■ **DESCRIPTION OF THE TASK**:
Every line below that holds "Around" must be copied.

*** INPUT FOR THIS TASK Section Begins ***

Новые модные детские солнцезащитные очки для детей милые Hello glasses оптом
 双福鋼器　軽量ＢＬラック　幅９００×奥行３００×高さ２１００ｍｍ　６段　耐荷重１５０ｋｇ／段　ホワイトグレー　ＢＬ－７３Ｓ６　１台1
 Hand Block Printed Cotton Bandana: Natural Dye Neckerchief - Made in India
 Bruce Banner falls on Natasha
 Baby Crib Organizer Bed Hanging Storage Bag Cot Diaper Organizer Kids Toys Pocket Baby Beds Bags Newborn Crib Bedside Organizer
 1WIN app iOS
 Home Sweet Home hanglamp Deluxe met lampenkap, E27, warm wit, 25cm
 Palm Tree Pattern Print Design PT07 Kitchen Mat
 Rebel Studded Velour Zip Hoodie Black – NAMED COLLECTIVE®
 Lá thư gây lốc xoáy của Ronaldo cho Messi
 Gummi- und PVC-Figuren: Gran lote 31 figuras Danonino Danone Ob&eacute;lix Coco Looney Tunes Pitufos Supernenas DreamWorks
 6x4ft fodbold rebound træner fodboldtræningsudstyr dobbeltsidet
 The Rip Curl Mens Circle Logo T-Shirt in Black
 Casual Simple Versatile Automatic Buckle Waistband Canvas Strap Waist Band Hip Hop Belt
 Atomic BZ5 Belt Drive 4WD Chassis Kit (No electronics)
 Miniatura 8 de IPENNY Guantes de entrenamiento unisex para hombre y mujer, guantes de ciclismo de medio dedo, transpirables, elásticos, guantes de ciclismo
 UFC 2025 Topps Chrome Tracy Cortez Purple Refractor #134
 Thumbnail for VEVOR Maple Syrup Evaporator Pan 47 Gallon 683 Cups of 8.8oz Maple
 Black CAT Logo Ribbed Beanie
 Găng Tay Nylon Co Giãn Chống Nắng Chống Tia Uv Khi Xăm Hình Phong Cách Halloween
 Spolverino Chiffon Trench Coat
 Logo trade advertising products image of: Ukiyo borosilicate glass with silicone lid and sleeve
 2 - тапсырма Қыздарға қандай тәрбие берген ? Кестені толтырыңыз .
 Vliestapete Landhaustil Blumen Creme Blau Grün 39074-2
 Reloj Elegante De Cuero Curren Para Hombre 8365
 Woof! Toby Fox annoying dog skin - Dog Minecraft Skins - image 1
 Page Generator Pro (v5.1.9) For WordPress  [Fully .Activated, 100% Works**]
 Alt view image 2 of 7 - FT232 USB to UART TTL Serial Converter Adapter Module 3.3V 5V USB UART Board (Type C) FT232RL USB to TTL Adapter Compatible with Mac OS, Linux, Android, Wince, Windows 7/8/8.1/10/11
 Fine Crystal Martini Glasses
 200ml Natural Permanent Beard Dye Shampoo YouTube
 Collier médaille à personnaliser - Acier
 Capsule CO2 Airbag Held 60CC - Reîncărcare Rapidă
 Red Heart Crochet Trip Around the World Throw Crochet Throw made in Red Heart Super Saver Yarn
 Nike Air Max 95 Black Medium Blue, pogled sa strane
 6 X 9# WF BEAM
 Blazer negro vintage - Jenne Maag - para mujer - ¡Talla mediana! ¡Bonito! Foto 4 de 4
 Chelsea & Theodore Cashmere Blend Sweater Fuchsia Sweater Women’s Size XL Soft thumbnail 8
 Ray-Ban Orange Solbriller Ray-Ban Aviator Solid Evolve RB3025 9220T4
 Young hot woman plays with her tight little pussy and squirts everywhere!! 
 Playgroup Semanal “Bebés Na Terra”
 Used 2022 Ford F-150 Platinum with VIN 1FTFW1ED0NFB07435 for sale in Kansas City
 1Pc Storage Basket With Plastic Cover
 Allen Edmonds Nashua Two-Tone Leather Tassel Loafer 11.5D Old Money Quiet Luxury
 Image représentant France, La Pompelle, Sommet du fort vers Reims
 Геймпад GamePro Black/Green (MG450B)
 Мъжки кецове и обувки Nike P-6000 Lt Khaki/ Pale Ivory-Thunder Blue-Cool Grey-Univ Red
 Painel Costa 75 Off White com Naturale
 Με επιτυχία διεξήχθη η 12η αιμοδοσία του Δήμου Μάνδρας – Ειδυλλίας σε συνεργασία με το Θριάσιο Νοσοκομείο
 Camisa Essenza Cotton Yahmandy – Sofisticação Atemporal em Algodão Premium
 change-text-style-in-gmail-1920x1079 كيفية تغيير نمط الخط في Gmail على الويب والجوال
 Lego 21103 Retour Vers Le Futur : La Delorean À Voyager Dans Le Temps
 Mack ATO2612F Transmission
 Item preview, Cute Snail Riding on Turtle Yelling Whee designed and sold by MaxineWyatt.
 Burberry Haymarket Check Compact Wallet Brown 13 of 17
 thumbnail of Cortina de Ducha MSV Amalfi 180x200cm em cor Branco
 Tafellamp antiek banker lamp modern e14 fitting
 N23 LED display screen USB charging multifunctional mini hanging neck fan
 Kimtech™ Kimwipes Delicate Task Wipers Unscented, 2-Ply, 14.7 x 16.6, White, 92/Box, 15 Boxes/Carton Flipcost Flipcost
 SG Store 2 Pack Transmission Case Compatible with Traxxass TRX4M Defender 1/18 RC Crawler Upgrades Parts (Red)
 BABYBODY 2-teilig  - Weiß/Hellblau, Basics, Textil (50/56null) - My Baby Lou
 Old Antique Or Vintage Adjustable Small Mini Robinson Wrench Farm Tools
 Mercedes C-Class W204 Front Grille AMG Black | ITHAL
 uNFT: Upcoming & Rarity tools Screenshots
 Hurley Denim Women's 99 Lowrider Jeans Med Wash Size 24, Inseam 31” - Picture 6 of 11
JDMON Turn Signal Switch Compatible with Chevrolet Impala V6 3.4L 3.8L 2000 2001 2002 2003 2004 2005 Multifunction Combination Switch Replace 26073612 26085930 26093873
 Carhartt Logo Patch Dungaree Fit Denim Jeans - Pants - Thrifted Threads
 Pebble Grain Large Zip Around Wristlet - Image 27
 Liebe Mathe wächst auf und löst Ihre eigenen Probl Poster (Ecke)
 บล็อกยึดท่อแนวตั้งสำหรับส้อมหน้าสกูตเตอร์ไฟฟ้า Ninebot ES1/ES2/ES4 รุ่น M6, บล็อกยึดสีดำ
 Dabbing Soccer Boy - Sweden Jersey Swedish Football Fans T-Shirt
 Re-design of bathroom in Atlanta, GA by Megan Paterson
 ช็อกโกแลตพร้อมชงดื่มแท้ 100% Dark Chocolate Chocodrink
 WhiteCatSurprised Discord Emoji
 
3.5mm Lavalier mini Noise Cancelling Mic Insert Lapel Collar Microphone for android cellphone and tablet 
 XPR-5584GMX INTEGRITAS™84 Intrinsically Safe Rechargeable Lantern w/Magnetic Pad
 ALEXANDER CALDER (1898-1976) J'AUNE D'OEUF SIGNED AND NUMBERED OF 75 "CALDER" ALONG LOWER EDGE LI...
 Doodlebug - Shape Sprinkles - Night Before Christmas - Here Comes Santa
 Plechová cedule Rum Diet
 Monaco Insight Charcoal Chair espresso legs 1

*** INPUT FOR THIS TASK Section Ends ***

■ **OUTPUT**:
 Red Heart Crochet Trip Around the World Throw Crochet Throw made in Red Heart Super Saver Yarn
 Pebble Grain Large Zip Around Wristlet - Image 27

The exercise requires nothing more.